#### Supplied records
--- START ---

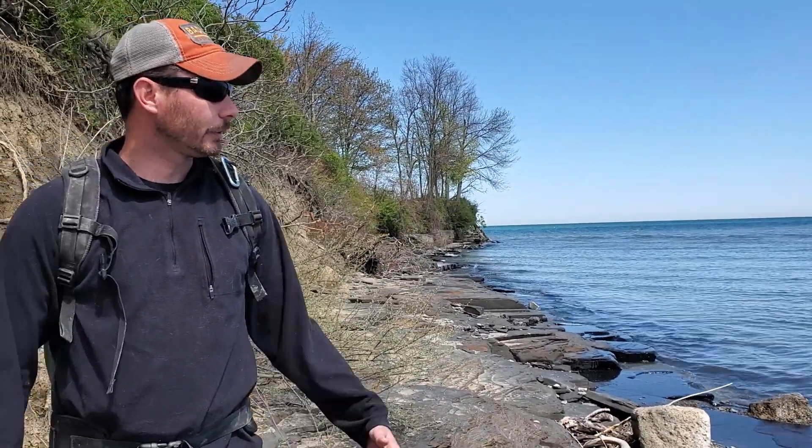We're at Point Grotiot here, outside of Dunkirk, New York. This is actually the type section of the Dunkirk Shale, and you can see that exposed along this bank here. The lake's a little bit high so we don't have as much exposure as we normally do, but it's interesting for a number of reasons that we'll go over here.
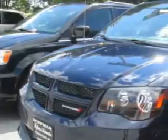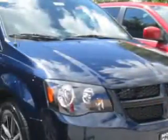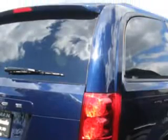Hoffman Automotive knows you want more in a car — you expect the best from your vehicle. Check out this True Blue 2015 Dodge Grand Caravan minivan, equipped with a six-cylinder engine.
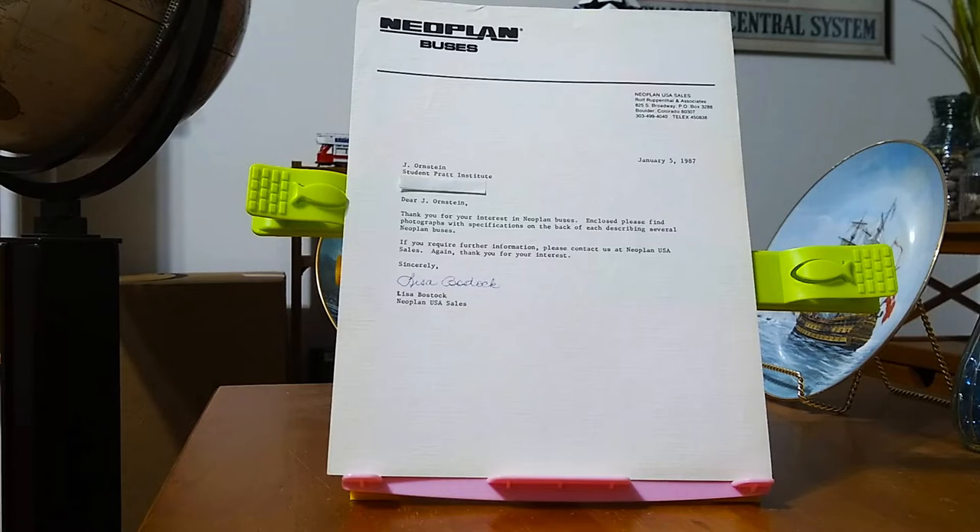So that's exactly what I did. In fact, I used to check off every single manufacturer. And not too long after that, I started to receive really, really interesting packets in the mail with all kinds of books and booklets and photographs and all sorts of promotional material. So today I wanted to show you what I got from Neoplan.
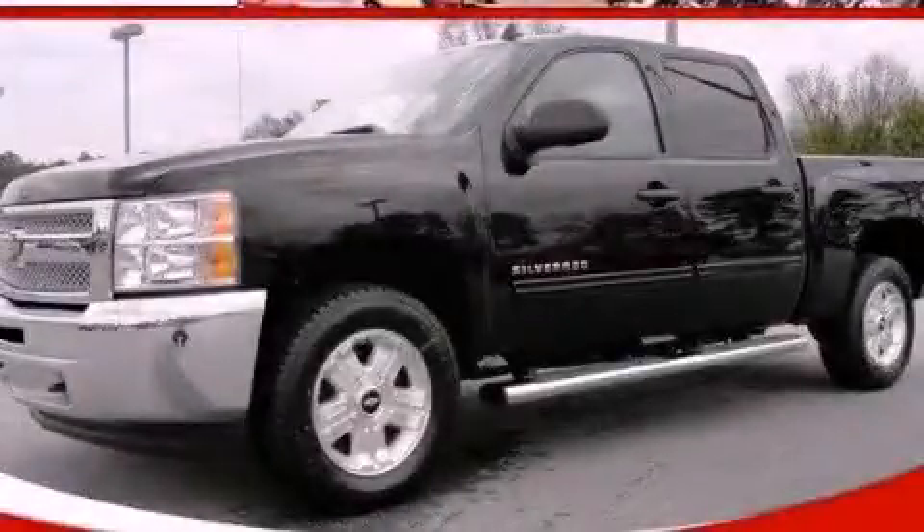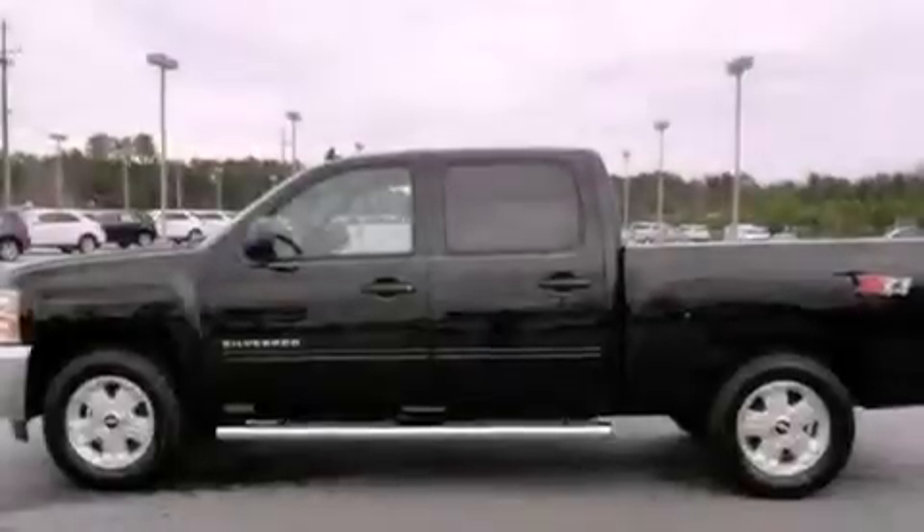This is a brand new 2012 Chevrolet Silverado. Whether hauling, commuting, or towing, this truck is the right one for you.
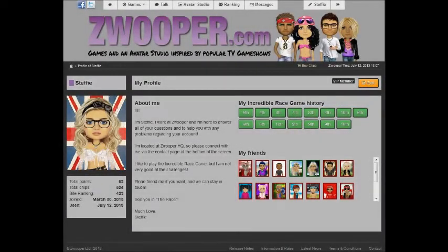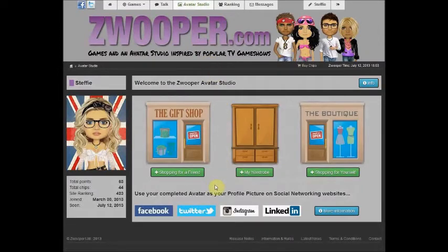The Avatar Studio is another fun feature on Zwooper. Click the Avatar Studio link at the top of the screen and you will arrive at the Studio homepage, which is divided into three areas.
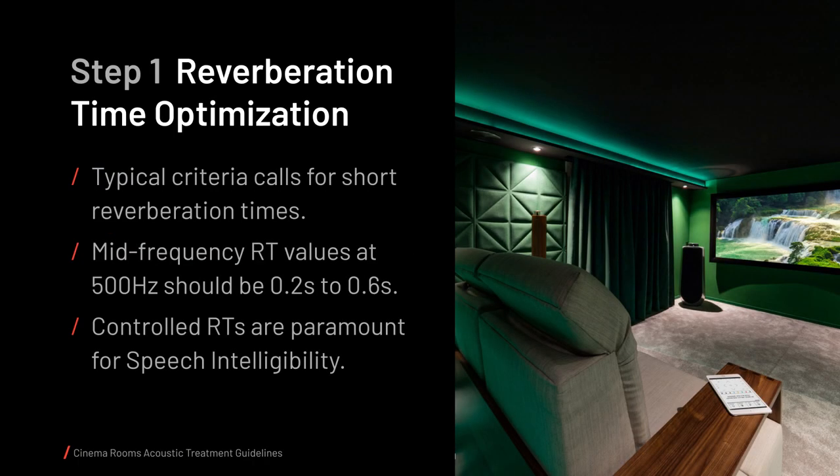In terms of reverberation time optimization, several guidelines provide RT criteria for cinema rooms. Depending on the room's volume, basic mid-frequency RT values at 500 Hz are recommended to be within 0.2 to 0.6 seconds. There are also recommendations for RT changes with frequency — typically lengthening RT at low frequencies and shortening RT at high frequencies. High RT values may reduce speech intelligibility whenever dialogue is present, and dialogues are of major importance in most films.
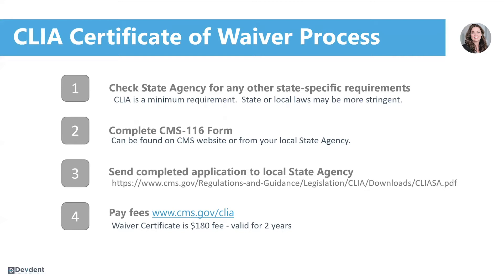This form can be found on the CMS website or can be provided by your state agency. Once you've completed the form, you'll send that application to your state agency and they will then issue you a CLIA identification number. Once you have that CLIA ID, you'll go to the CMS website and pay your fees for your certificate — it's $180 and it's valid for two years.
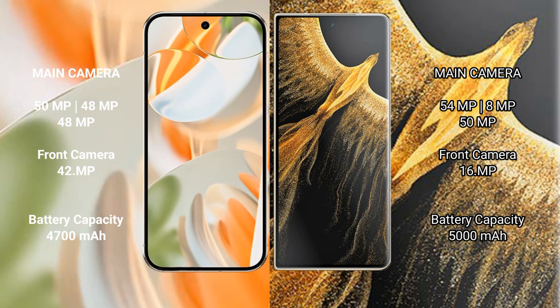Google Pixel 9 Pro has a 4700 mAh battery with 27-watt fast charging support. Honor Magic VS Ultimate has a 5000 mAh battery with 66-watt fast charging support.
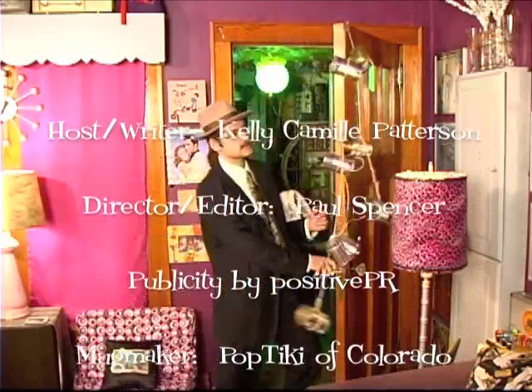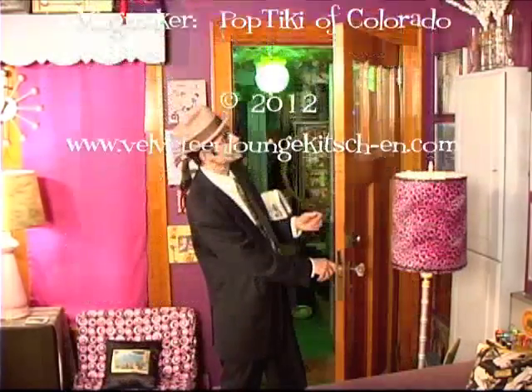Thank you for visiting the Velveteen Lounge Kitchen. See you soon! This has been the Velveteen Lounge Kitchen — tune in next time for a Tiki Spectacular.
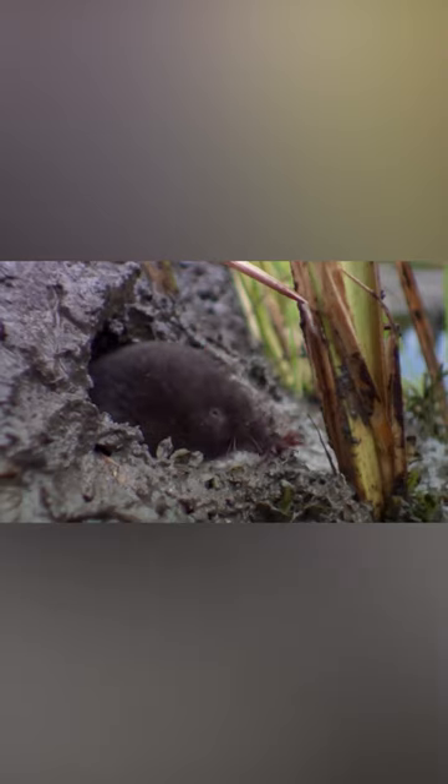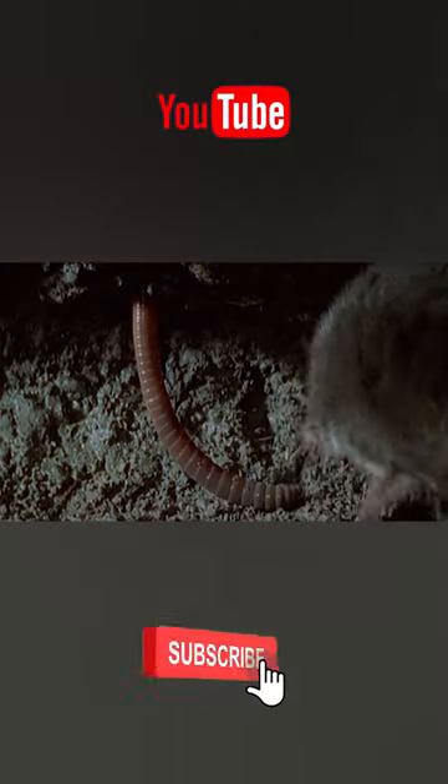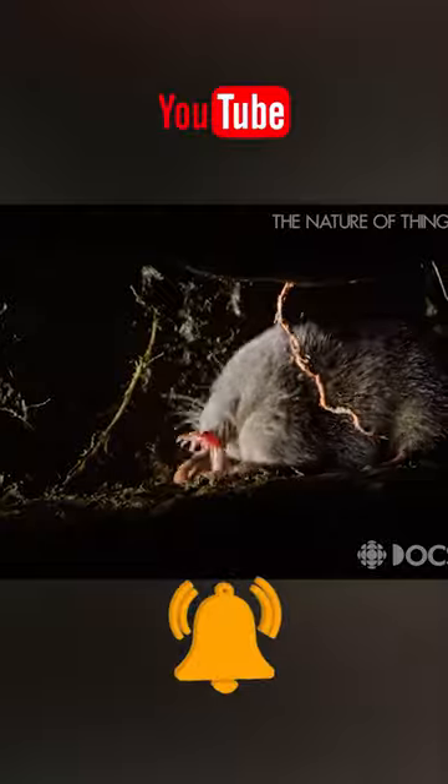When it touches any object with this probe, the mole can swiftly gauge its temperature, mobility, hardness, and most crucially, whether the object is edible. In short, despite its somewhat unattractive appearance, the star-nosed mole is a world champion in the realm of scent detection.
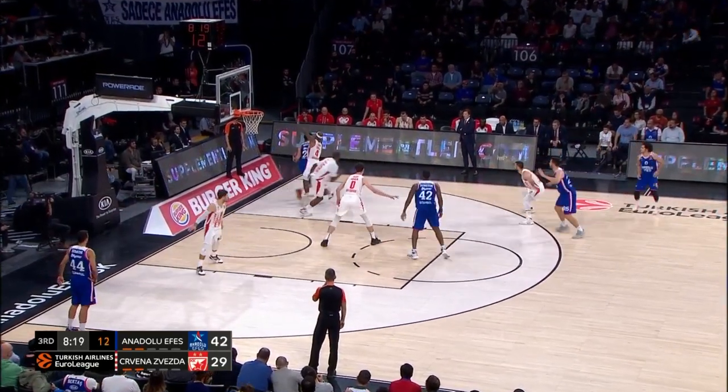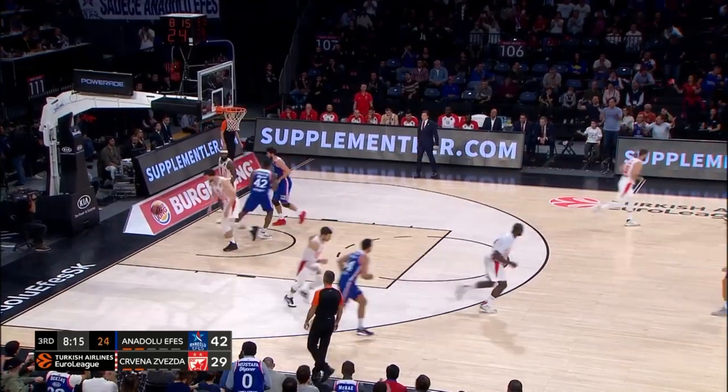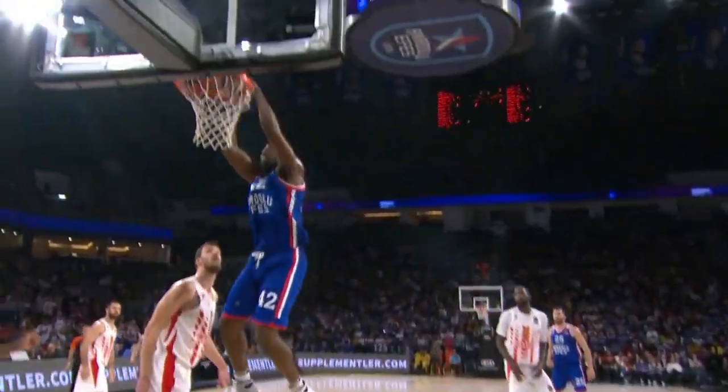Larkin with the inbound. Mitic very tightly guarded, then finds the bounce pass for Dunstan for the flush. Oh, that's beautiful stuff.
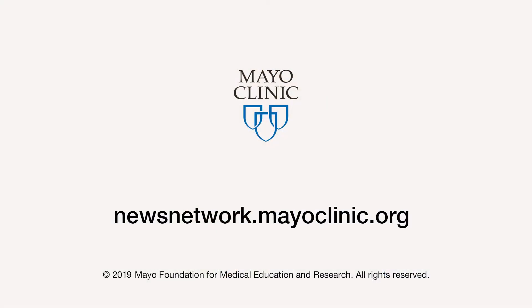It takes a one-night hospital stay and you go home the next day. For the Mayo Clinic News Network, I'm Vivian Williams.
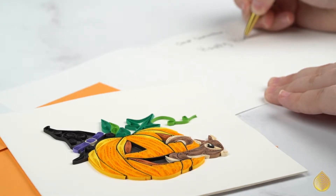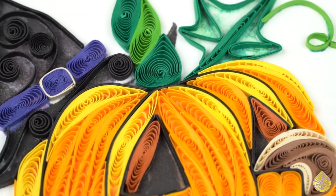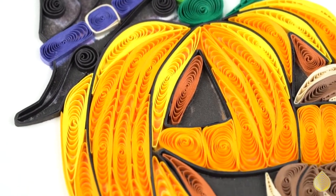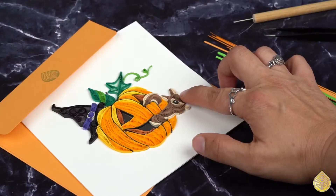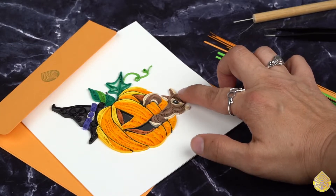Squirrels are known for snacking on carved pumpkins that have been left out to fatten up and prepare for the winter ahead. This card will be great to send to someone who upholds the tradition of carving pumpkins with their family, or anyone who enjoys the fall season.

--- END ---

#### The task
Repeat the records above exactly, from the first line through the line containing "Hoffman Automotive knows", and leave out the pictures.

#### Worked solution
We're at Point Grotiot here, outside of Dunkirk, New York. This is actually the type section of the Dunkirk Shale, and you can see that exposed along this bank here. The lake's a little bit high so we don't have as much exposure as we normally do, but it's interesting for a number of reasons that we'll go over here.
Hoffman Automotive knows you want more in a car — you expect the best from your vehicle. Check out this True Blue 2015 Dodge Grand Caravan minivan, equipped with a six-cylinder engine.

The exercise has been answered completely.